Machine learning development has been revolutionized with the advent of MLflow, a platform that streamlines the entire process, from tracking experiments to sharing and deploying models. Its compatibility with popular machine learning libraries and applications, such as TensorFlow, PyTorch, and XGBoost, makes it a widely adopted tool. Recently, two security vulnerabilities were discovered in MLflow. The first vulnerability, CVE-2023-1176, allows an attacker to check the existence of arbitrary files on the host server, including files stored in remote locations. The second vulnerability, CVE-2023-1177, allows an attacker to access arbitrary files on the host server.

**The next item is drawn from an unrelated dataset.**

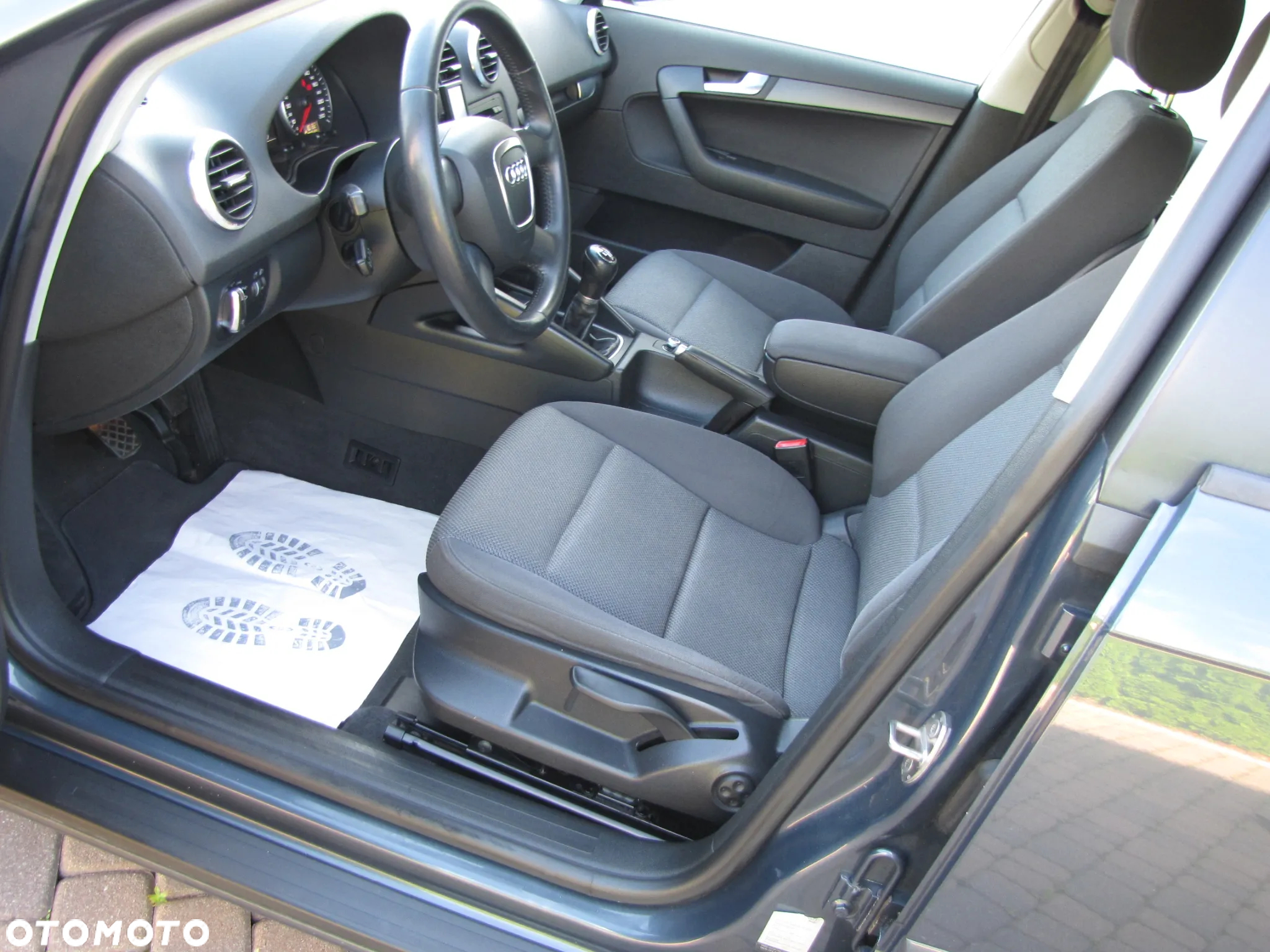 Audi A3 Sportback - 10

Photo by Alex Knight on Unsplash

1. CVE-2023-1176: A Sneaky Remote File Existence Check

CVE-2023-1176 is a security vulnerability with a CVSS score of 5.3, affecting MLflow Open Source Project users running the MLflow Model Registry with mlflow server or mlflow ui commands on versions older than MLflow 2.2.1. This vulnerability allows an attacker to check the existence of arbitrary files on the host server, even those unrelated to MLflow, as long as the server has access to them.

While the Databricks Managed MLflow product and MLflow on Azure Machine Learning remain unaffected, users of mlflow server and mlflow ui commands should take immediate action.

Patch: Upgrade to MLflow 2.2.1, released on March 2nd, 2023, to eliminate this vulnerability.

Workarounds: Limit access to your MLflow Model Registry and Tracking servers by implementing a cloud VPC, IP allowlist for inbound requests, or authentication/authorization middleware. Additionally, restrict the scope of your server’s cloud credentials to access only MLflow-related files and directories.

2. CVE-2023-1177: The Dangerous Remote File Access Vulnerability

CVE-2023-1177 is a more severe security vulnerability with a CVSS score of 10. Similar to CVE-2023-1176, it affects users running the MLflow Model Registry with mlflow server or mlflow ui commands on versions older than MLflow 2.2.1. This vulnerability enables an attacker to download arbitrary files from the host server, potentially granting them access to sensitive data.

Again, Databricks Managed MLflow and MLflow on Azure Machine Learning users are unaffected by this vulnerability.

Patch: Upgrade to MLflow 2.2.1 to protect your projects from this vulnerability.

Workarounds: Implement the same access restrictions as mentioned for CVE-2023-1176, which include a cloud VPC, IP allowlist for inbound requests, or authentication/authorization middleware. Furthermore, limit the remote files accessible by your MLflow Model Registry and Tracking servers.